Po zmianie stron przed szansą stanął Jan Hlavica, który po rzucie rożnym uderzył nad poprzeczką. Goście odpowiedzieli kolejną okazją Araka, który po dośrodkowaniu z lewej strony boiska zdecydował się na strzał z woleja, ale piłkę po koźle pewnie złapał Krzepisz. Jedyny gol w sparingu padł w 66 minucie. Z narożnika boiska w pole karne dośrodkował Shun Shibata, a Aleksander Komor bez problemów uwolnił się spod krycia o głowę niższego Michała Stempniewicza i precyzyjnym strzałem głową nie dał żadnych szans na skuteczną interwencję Krystianowi Wieczorkowi. Podrażniony zespół gospodarzy ruszył do odrabiania strat i wydawało się, że dopnie swego. Przed świetną okazję na doprowadzenie do remisu w 76 minucie stanęli dwaj młodzieżowcy. Najpierw walkę o piłkę wygrał Stempniewicz, ale piłkę po jego strzale obronił bramkarz katowiczan, a dobitka Radosława Zająca została zablokowana przez Komora.


Sprawdzali napastnika

W piątkowym sparingu zabrakło chorego Lionela Abate, co sztab szkoleniowy Podbeskidzia wykorzystał, sprawdzając Miroslava Ilicicia. 26-letni napastnik jest bez klubu po tym jak rozstał się z FC Botosani. Chorwat tym sezonie w rumuńskiej ekstraklasie rozegrał 14 spotkań i strzelił jednego gola, wcześniej występował klubach słoweńskich i chorwackich. Mierzący blisko 190 centymetrów zawodnik nie jest typem snajpera - w swoim najlepszym sezonie 2020/21 w barwach Slavena Belupo zdobył raptem pięć bramek w 22 występach na szczeblu chorwackiej ekstraklasy. Po meczu krótki obóz w Ustroniu i sparing w Bielsku-Białej podsumował Mateusz Mak.- Bardzo ten czas nam się przydał. Pracowaliśmy mocno, zwłaszcza zawodnicy, którzy mniej grali, mieliśmy jednostki wyrównawcze. Wygraliśmy sparing na koniec obozu i to jest budujące, że podtrzymujemy dobrą dyspozycję. Z tego obozu mamy sporo analizy na najbliższe dni.

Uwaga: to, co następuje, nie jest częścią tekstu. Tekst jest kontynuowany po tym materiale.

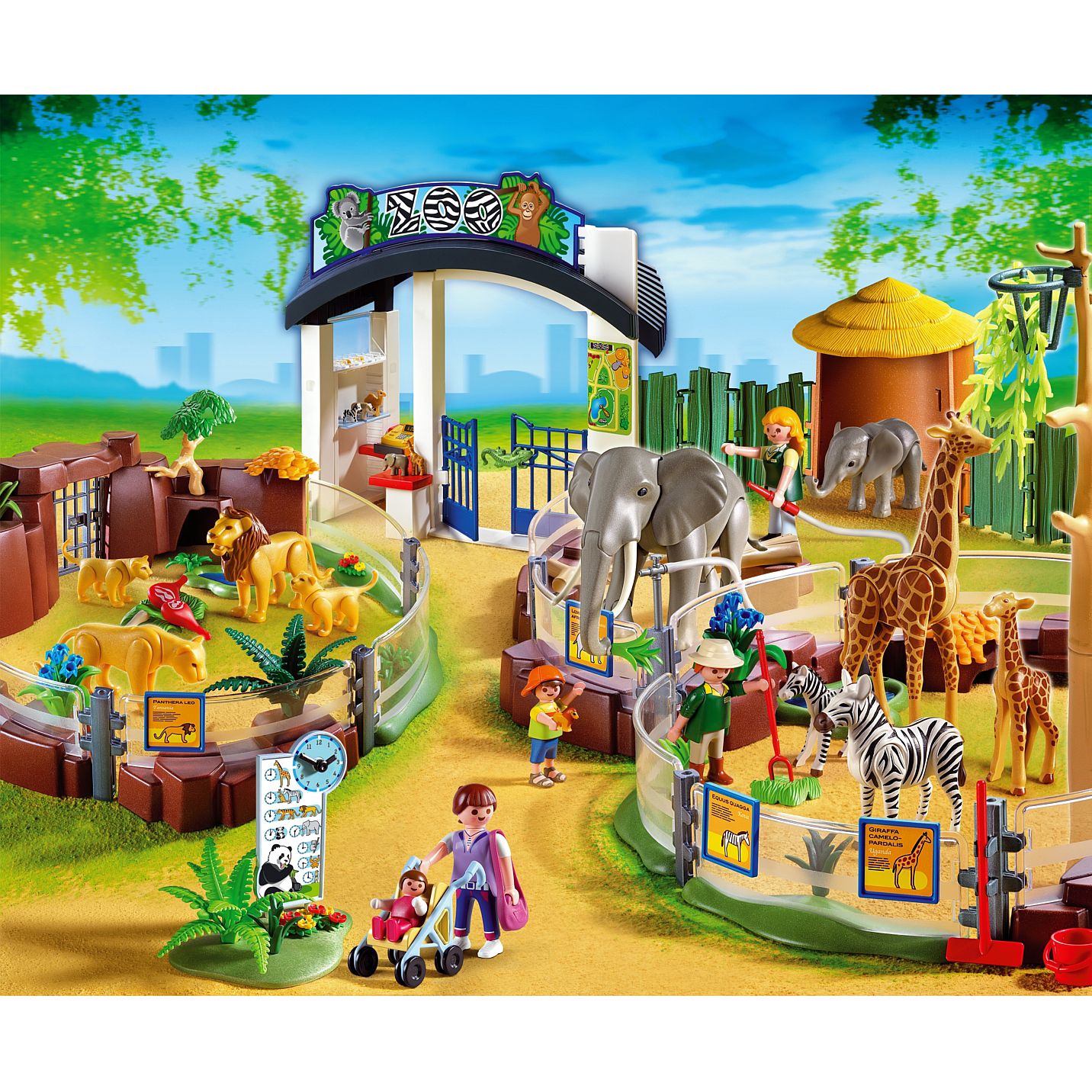 Grand Zoo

Te trzy dni dadzą nam dużo „paliwa” do końca sezonu – podsumował wszystko doświadczony zawodnik.

gru

 

Podbeskidzie Bielsko-Biała - GKS Katowice 0:1 (0:0)

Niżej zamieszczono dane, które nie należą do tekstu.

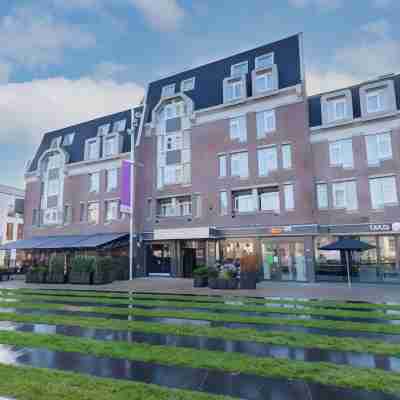 Mercure Hotel Tilburg Centrum Hotel Exterior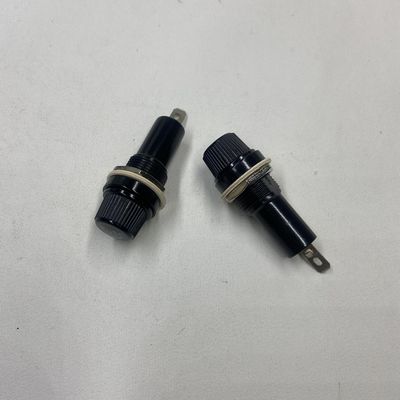 10A 250V 6*30mm JAF-602 Κρατήρας γυάλινης ασφάλειας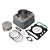 Kit Premium C/cilindro Pistao Junta Kmp.anel Rik Nx 400 /02 - Imagem 1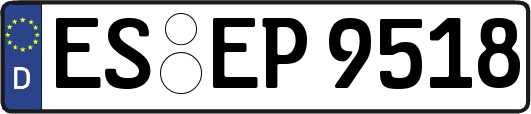 ES-EP9518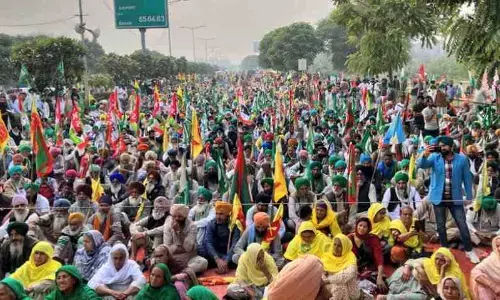 ఫిబ్రవరి 16న భారత్ బంద్‌కు పిలుపునిచ్చిన రైతు సంఘాలు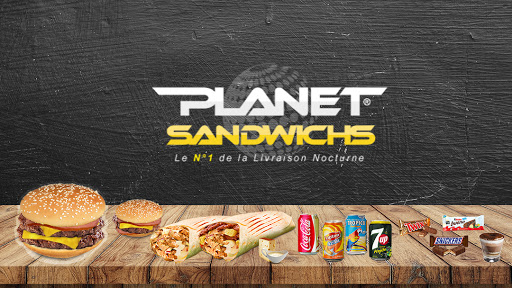 Planet Sandwichs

0:1 - Komor, 66 min (głową)

PODBESKIDZIE: Krzepisz (60. Wieczorek)- Hlavica (60. Małachowski), Senić (46. Mikołajewski), Tomasik - Ziółkowski (46. Willmann), Misztal (46. Kisiel), Kolenc (46. Liszka), Martinaga (46. Zając (78. Lusiusz)) - Sitek (60. Bernard), Testowany (60. Stempniewicz), Banaszewski (46. Bida (78. Czader)). Trener: Jarosław SKROBACZ.

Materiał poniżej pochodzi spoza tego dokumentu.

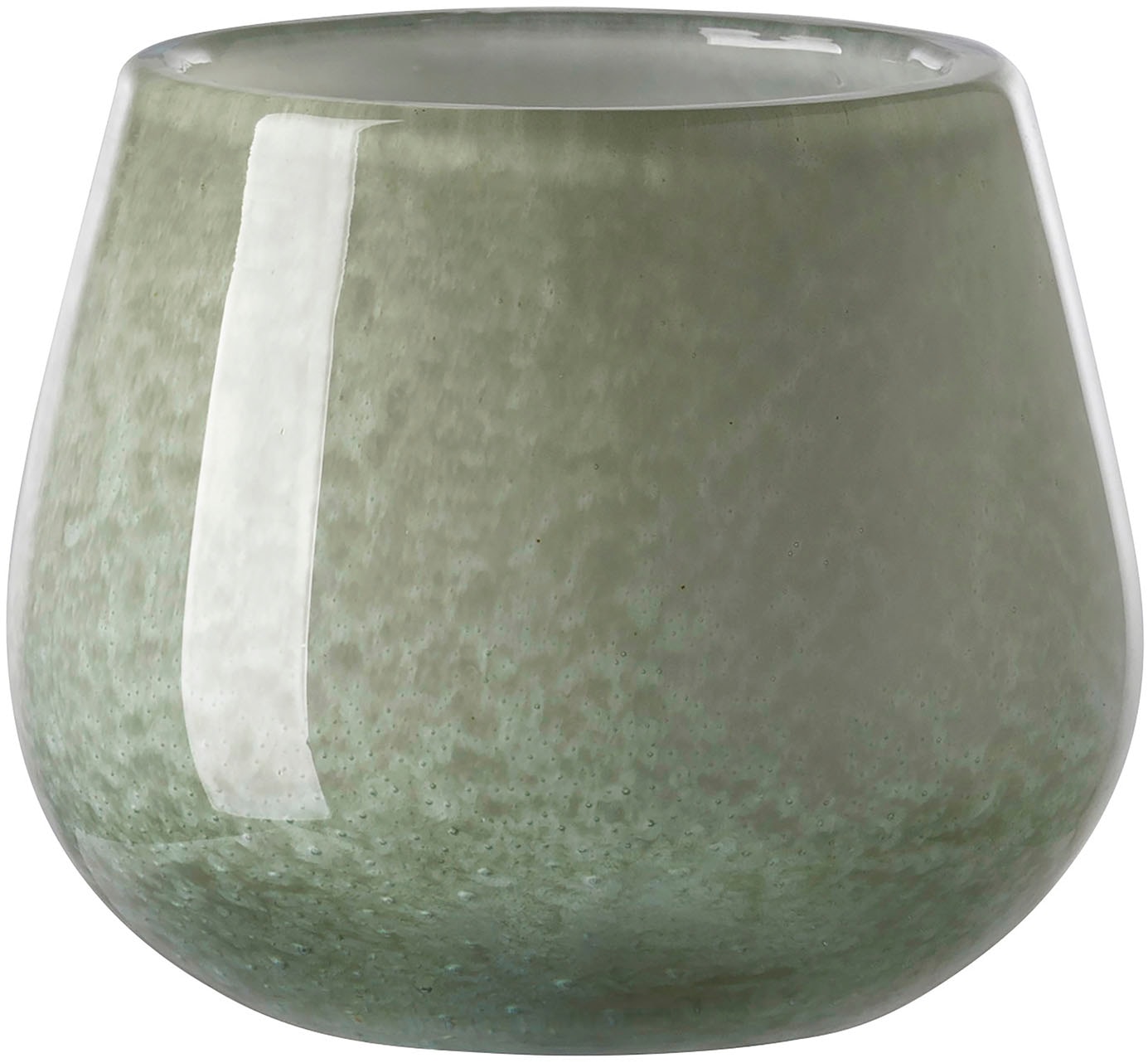 Fink Tischvase »MARLY«, (1 St.), Dekovase, Blumenvase, Windlicht, Vase aus günstig online kaufen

GKS: Szczuka (46. Pęksa) - Danek (66. Krawczyk), Jaroszek (50. Trepka), Jędrych (46. Komor), Janiszewski, Rogala (60. Pietrzyk) - Aleman (60. Ćwielong), Repka (46. Shibata), Baranowicz (60. Błąd), Marzec (46. Mak) - Arak (60. Bergier). Trener: Rafał GÓRAK.